IASME is one of two delivery partners for the scheme and will manage the assessment, onboarding, monitoring and offboarding of providers assured under the Cyber Incident Exercising scheme on behalf of the NCSC. The assurance process confirms that the provider meets the NCSC’s rigorous standards for high quality cyber incident exercising, with sufficient skills and experience of running cyber exercises such as table top and live play exercises.
The scheme is aimed at incidents that fall into category 3, 4 and 5 of the UK’s Cyber Attack categorisation system.
Stacey Lidgate is the Business Development Director and one of the cyber resilience and incidence response experts at CYSIAM. CYSIAM are working with IASME to help deliver the new Cyber Incident Exercising scheme.
Stacey gives us an overview of the main points a cyber incident response plan should cover.
A cyber incident is any activity that has a potentially adverse effect on the availability, confidentiality, or integrity of systems and/or data. This could be accidentally emailing the wrong person, the misconfiguration of a platform to allow unintended access or a targeted cyber attack on an organisation to steal sensitive data
An incident response plan is a documented set of principles and actions, the ‘who, why, what, where, when’, that your organisation will implement in the event of an cyber incident. It specifically considers your reaction to loss of system or data availability, confidentiality or integrity and the steps you need to take to manage the situation and keep your organisation going.
Cyber incident responses need to coordinate people, processes and technical elements to ensure that minimal damage is caused, laws and regulations are followed and the organisation can get back to business-as-usual as quickly as possible.
If you don’t have a cyber incident response plan, the National Cyber Security Centre provide some guidance on their website. Developing your IR plan Take your team through the “who, why, what, where, when and how” approach to consider and capture the following details:
Define who you’ll need around as part of the response. Make sure that their contacts are easily accessible offline. As a minimum, think about your Incident Response supplier and cyber insurer (if you have them). Make sure that representatives from across the organisation such as IT, operations, HR, finance and legal are all represented.
Describe how an incident will be escalated to senior teams and who will take the official decision to enter “incident response”.
Roles and responsibilities
Describe the roles and responsibilities that are required throughout the incident (for example that of incident manager), and consider who from the organisation is nominated to do that role. Think about the deputies that would step into a role if the main nominee was unavailable.
The incident lifecycle
Think about the different stages of an incident and the answers that you might need throughout them:
Have you thought through your critical systems and what you rely on every day? for example, email accounts, file storage or sales systems. What would be the impact if you lost those systems? how long could you survive without them and what might your back-up ways of working be?
Who is responsible for investigating your systems and trying to find the cause of the incident?
Who will make your systems safe?
Who is responsible for getting rid of the threat?
Once you have returned to business-as-usual, what steps are you taking to remediate any gaps in your cyber security and strengthen your resilience?
What are the number of ways you have for contacting teams?
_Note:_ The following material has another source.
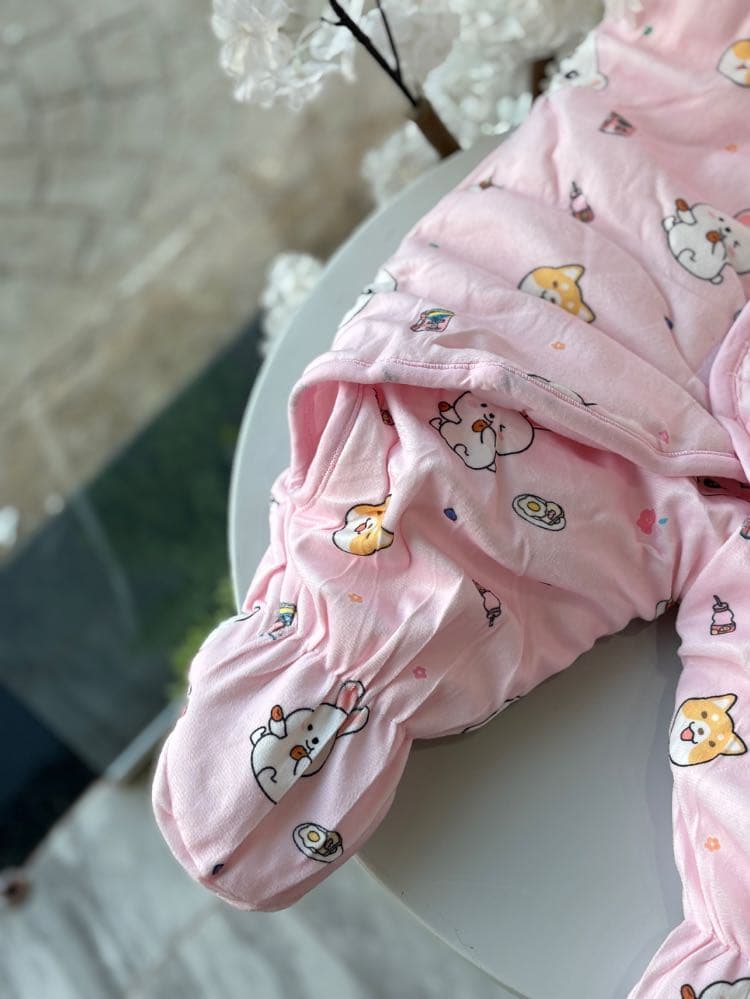 جواا أطفال شتوي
How will you communicate with staff? Who is responsible for authorising messages? Who is responsible for dealing with any press enquiries and managing external communications or social media queries?
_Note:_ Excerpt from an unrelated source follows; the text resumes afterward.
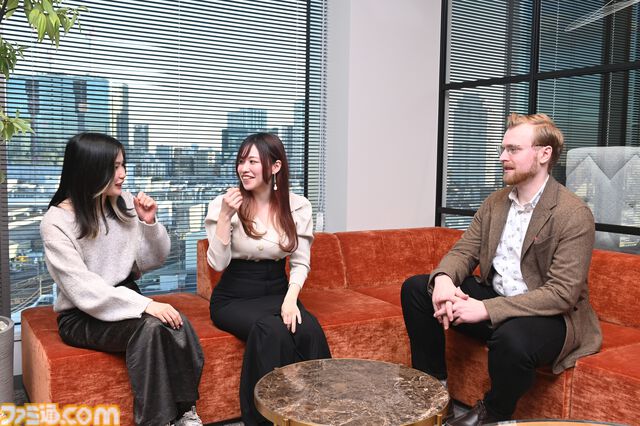 今後の龍が如くスタジオを支えるクリエイター3人に生の意見を訊く！ 龍スタってどんなところ？ 外部から転職してきた若手スタッフに実態を直撃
Legal and regulatory responsibilities
What responsibilities do you have for reporting the incident? You may have to consider reporting to the Information Commissioner’s Office or to the police depending on the severity of the incident.
How often should I rehearse my incident response plan?
It depends on your size and type of organisation, but it would be a good starting point to exercise your plans at least annually using different types of cyber incident scenarios each time.